The Dynamics and Structure (DYS) group specializes in the study of the interplay between structure, kinetics and dynamics in soft and hard condensed matter. The group operates two simultaneously operating experimental stations, 8-ID-E and 8-ID-I, that share the x-ray beam from a dual tandem undulator source.
8-ID-E is primarily devoted to grazing incidence x-ray scattering (GIXS) measurements of the structure and processing kinetics of organic thin films. Measurements are made in both the wide-angle geometry (GIWAXS) (sensitive to molecular packing) and small-angle geometry (GISAXS) (sensitive to mesoscale ordering). A high-speed version of the Pilatus 1M detector provides wide-angle time-resolved (> 10 ms) data collection. A variety of sample environments are available for in situ measurements of films. Recent research at 8-ID-E is focused on correlating the structure of organic electronic thin films with performance parameters and probing defects in self-assembled block copolymers with applications to nanolithography.

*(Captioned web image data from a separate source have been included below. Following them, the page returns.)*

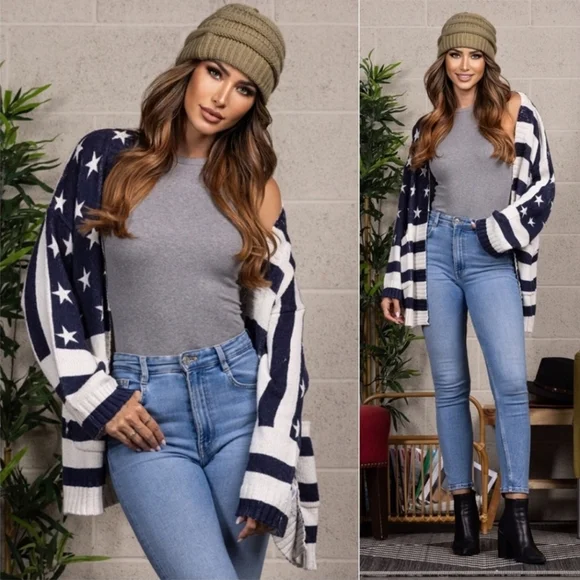 Patriotic Stars Stripes knit Fall Winter cardigan womens sweater cardigan - Picture 3 of 4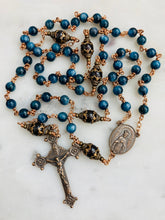 Load image into Gallery viewer, Beautiful Marion Blue Rosary - Bronze and Kyanite
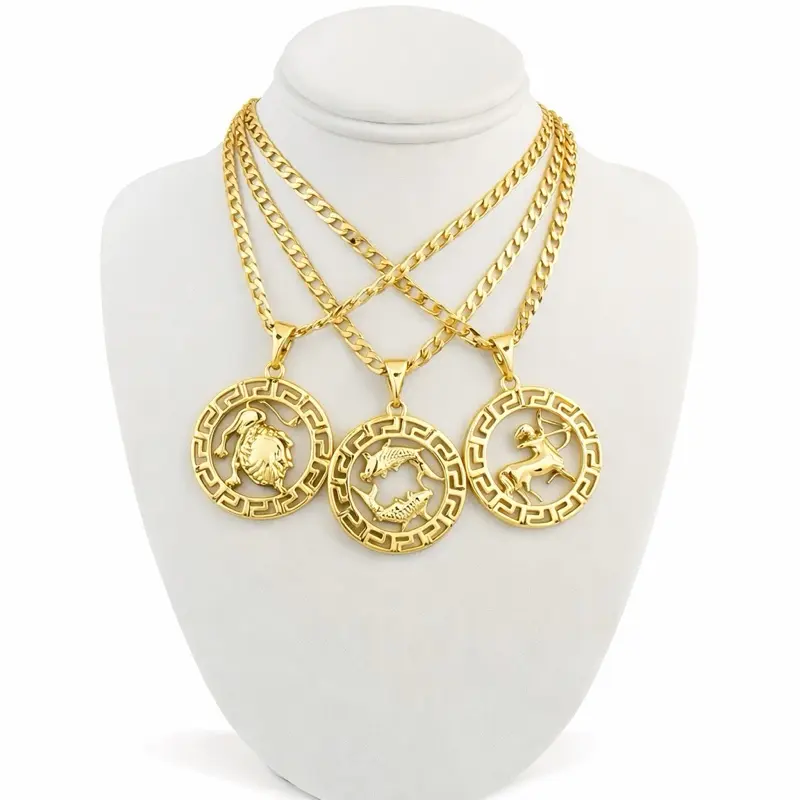 Zodiac Sign Pendant with Cuban Chain 20 Inch Long Gold-Tone Necklace Featuring Scorpion, Aquarium, all zodiac signs Aries, Taurus, Gemini, Cancer, Leo, Virgo, Libra, Scorpio, Sagittarius, Capricorn, Aquarius, and Pisces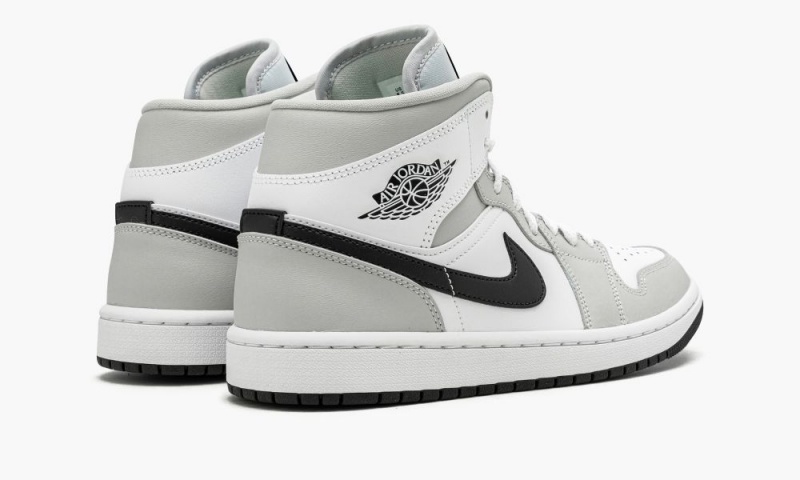 Nike Air Jordan 1 Mid 'Grey Fog' Schoenen Dames Grijs Zwart Wit Nederland | 286713-HQP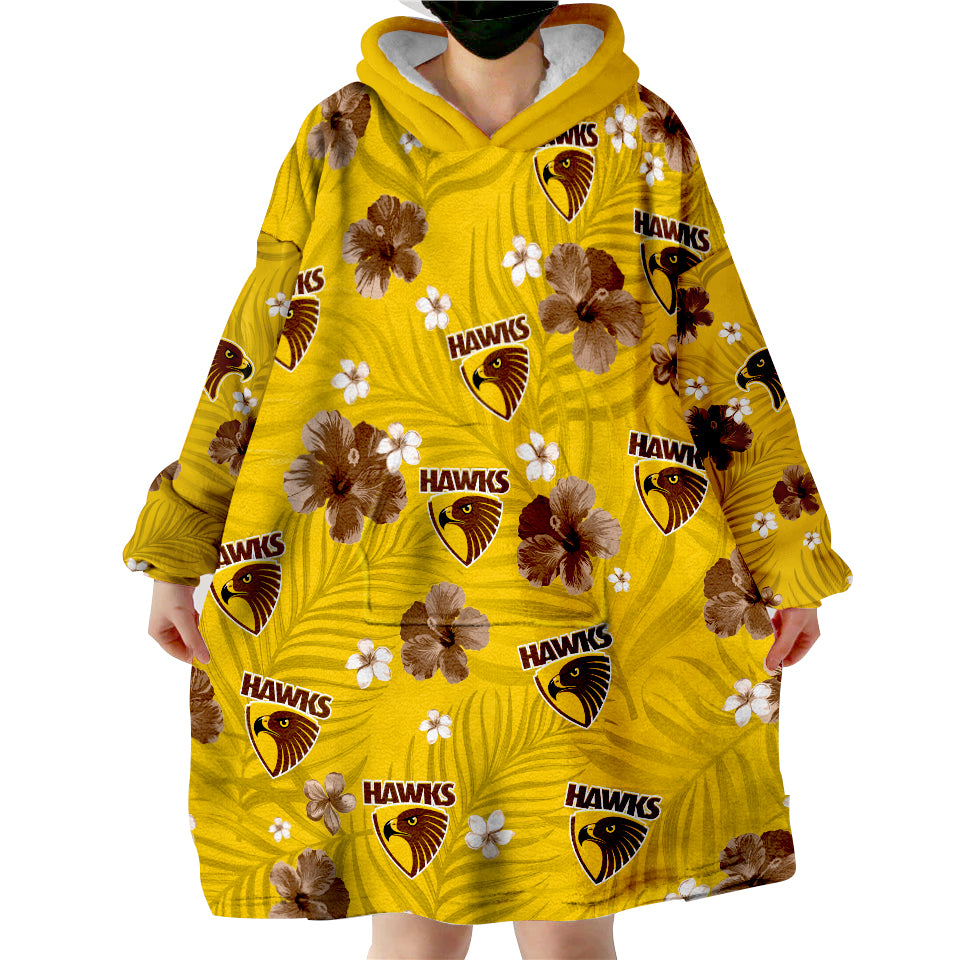 custom-personalised-hawks-football-hawthorn-premiers-tropical-flowers-simple-wearable-blanket-hoodie
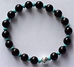 Black Onyx and Turquoise Stretch Bangle Bracelet - BRS712X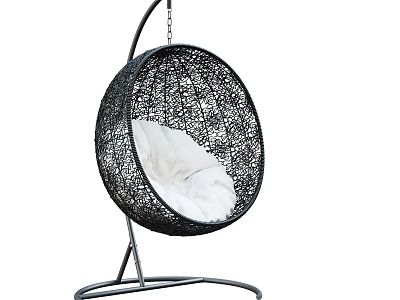 Modern Black Wicker Hanging Chair with White Cushion and Metal Stand 3d model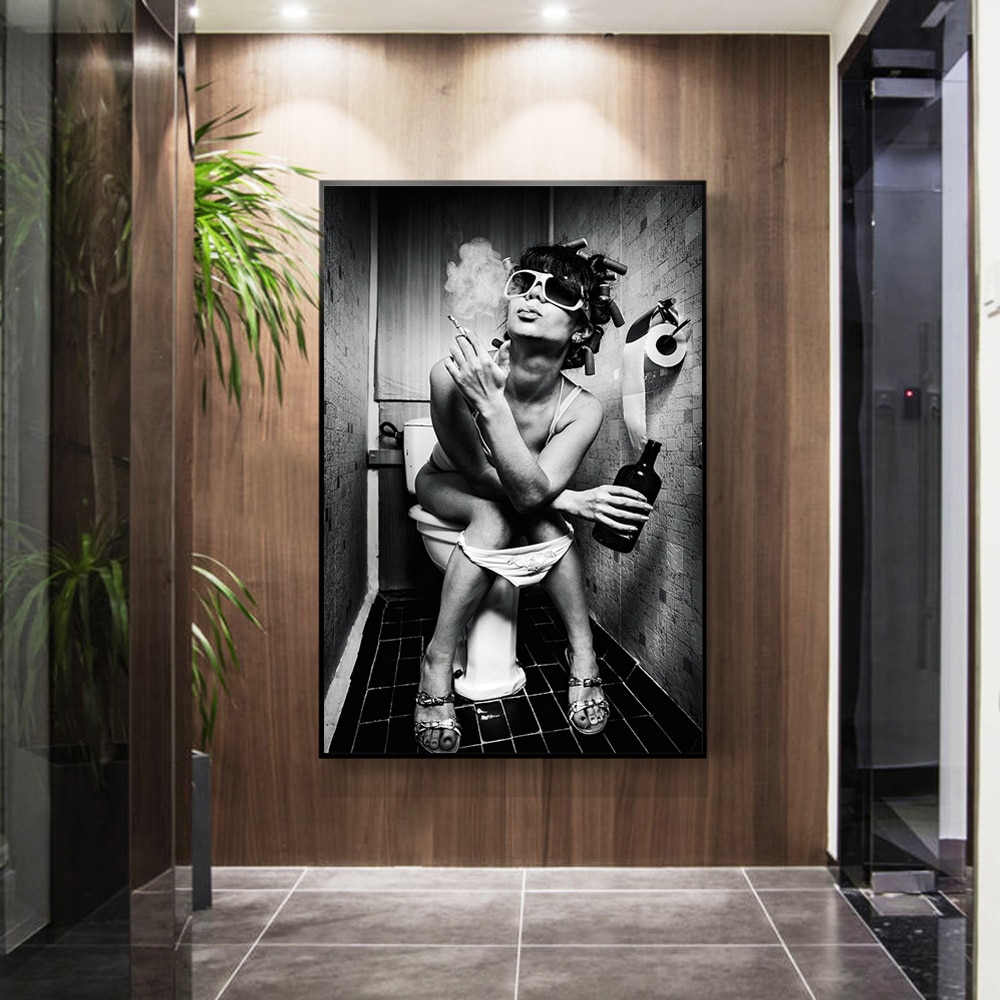 Sexy-Girl-Sits-in-a-Toilet-Nordic-Canvas-Art-Posters-And-Prints-Black-And-White-Canvas-2.jpg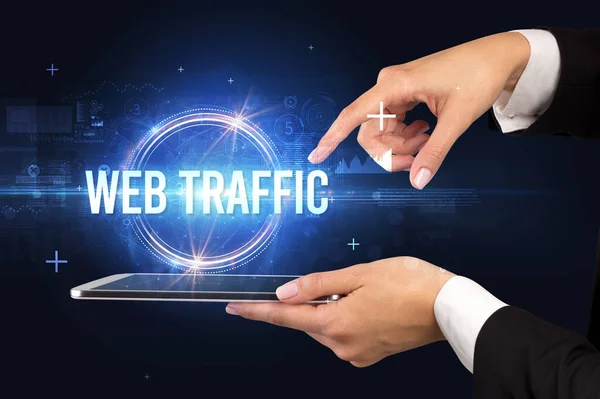 Detailní Záběr Dotykového Displeje Nápisem Web Traffic Koncept Nové Technologie — Stock fotografie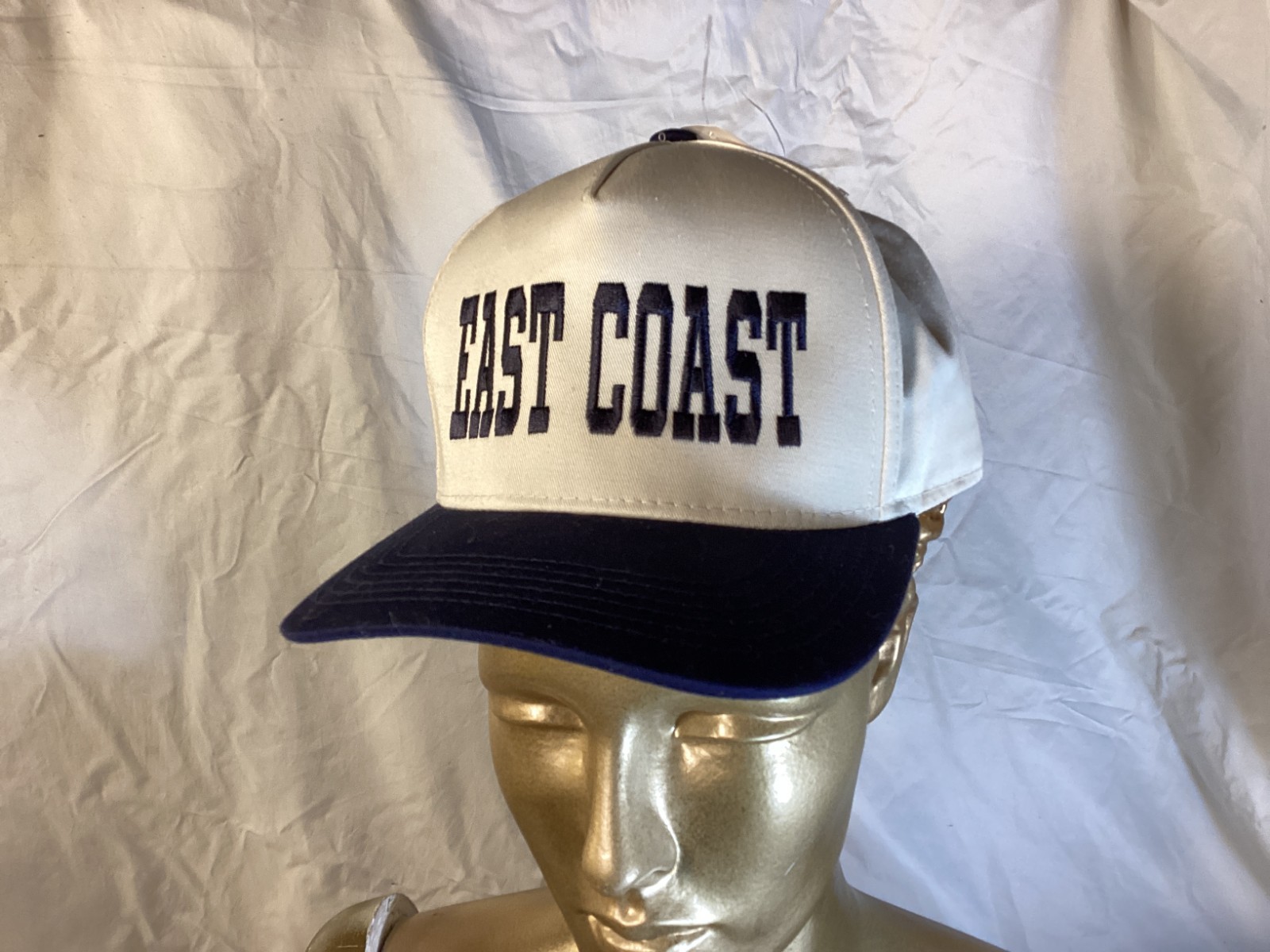 Funky Junque East Coast Trucker Hat Blue and White Snapback Adjustable Unisex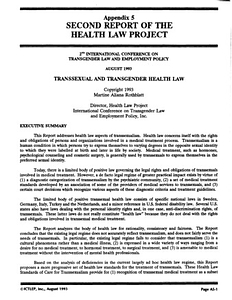 Appendix 5: Second Report of the Health Law Project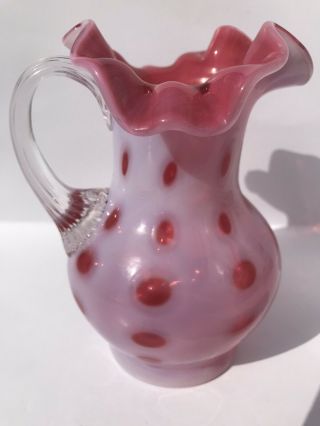 Fenton Cranberry Opalescent Eye Coin Dot Creamer.  Made For Lg Wright.
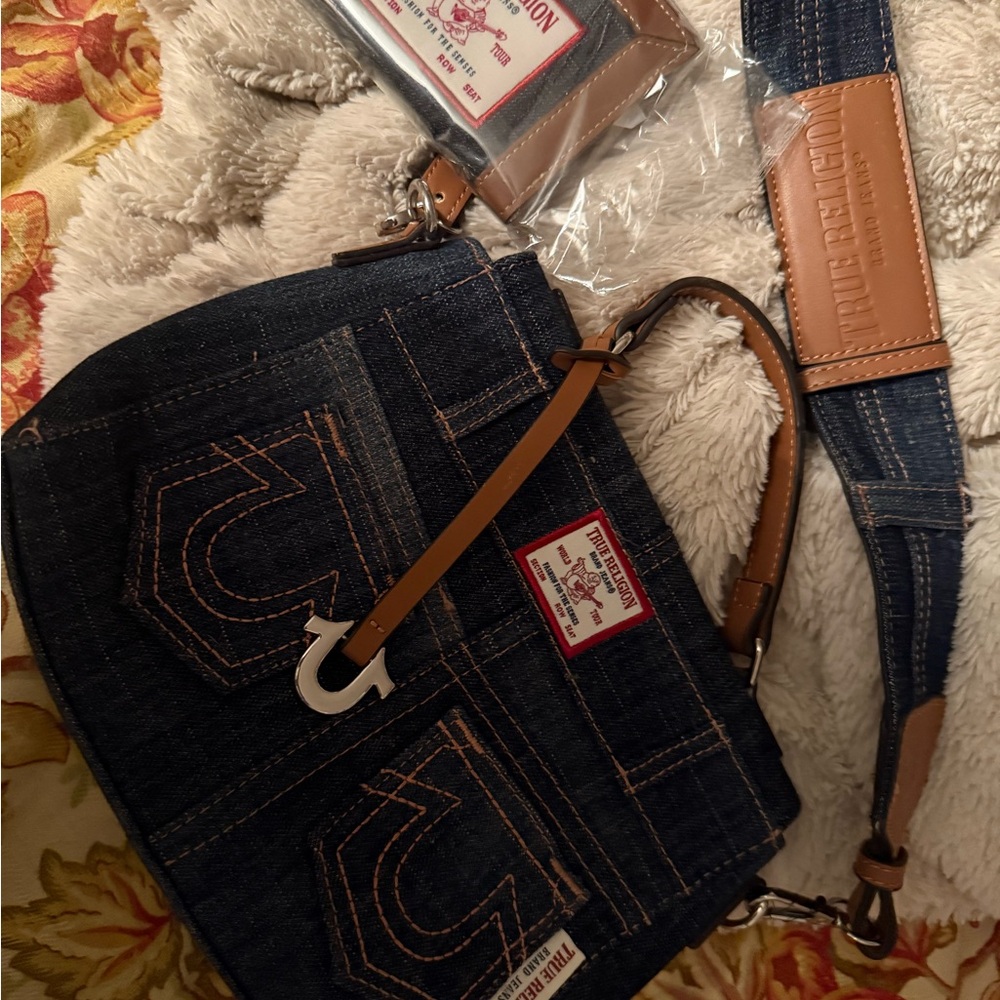 True Religion Dark Denim Messenger Bag with Tan Trim and matching wallet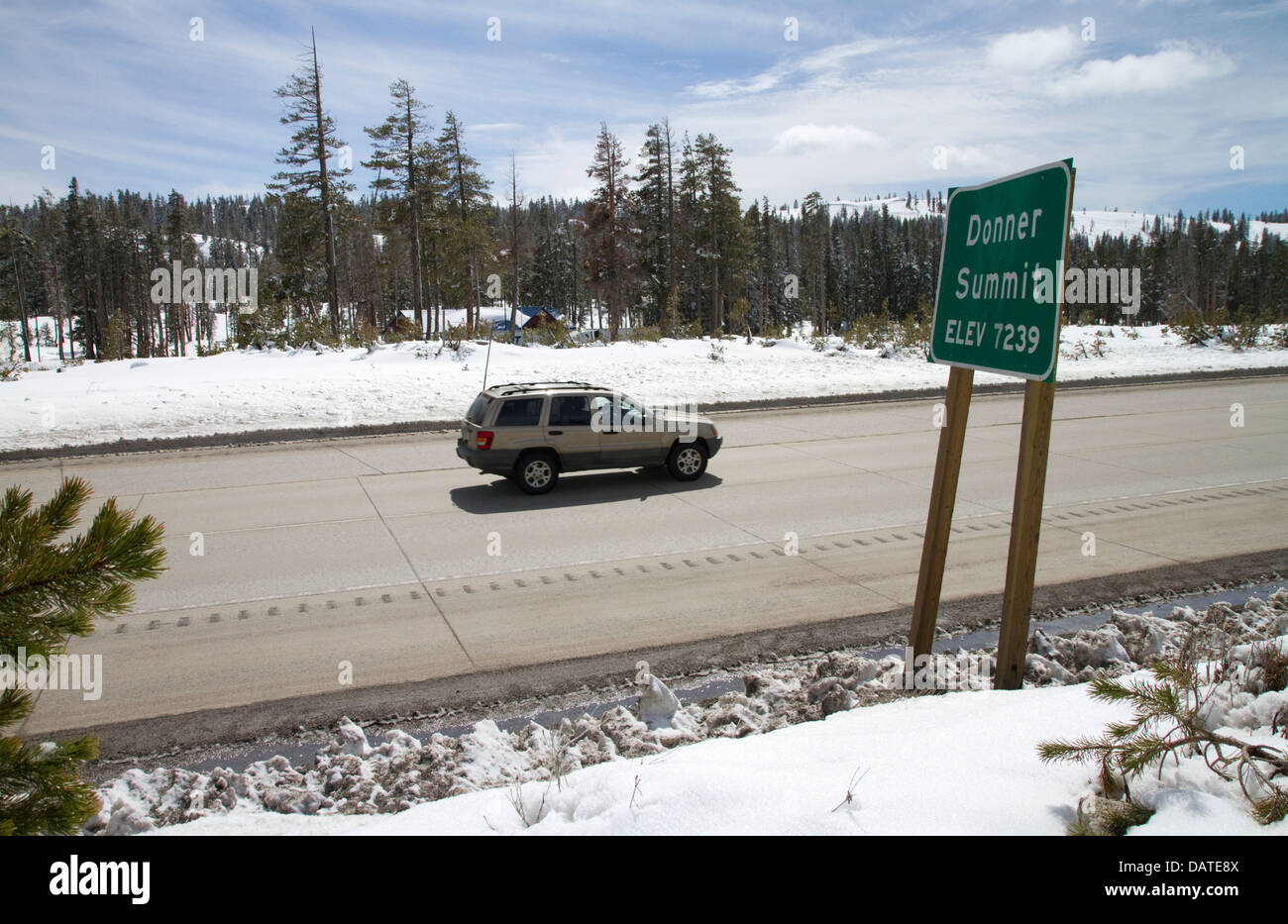 Donner Pass summit on Interstate 80, California, USA. Stock Photo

8-ID-E also hosts a wide angle x-ray photon correlation spectroscopy program (WA-XPCS) that examines very low energy fluctuations in hard condensed matter. It is well suited for studies of metallic glasses, thin films, and novel materials such as complex oxides. A new high-speed Pixel Array Detector samples these fluctuations up to 2000 Hz.
8-ID-I hosts the small angle XPCS program that examines very low energy fluctuations in hierarchically ordered soft materials such as polymer nanocomposites and glassy colloidal suspensions. Temperature and sample composition are traditional independent variables but considerable flexibility is provided for user-supplied sample environments such as rheometers, strain cells and deposition chambers. High-gain, high-resolution increasingly fast area detectors are used for measuring the time series of speckle patterns. An efficient and user-friendly interface to APS high-performance computing (HPC) resources provides rapid data reduction. Work in this station is relevant to understanding the stability of novel forms of matter with ultimate application to the food and consumer products industries.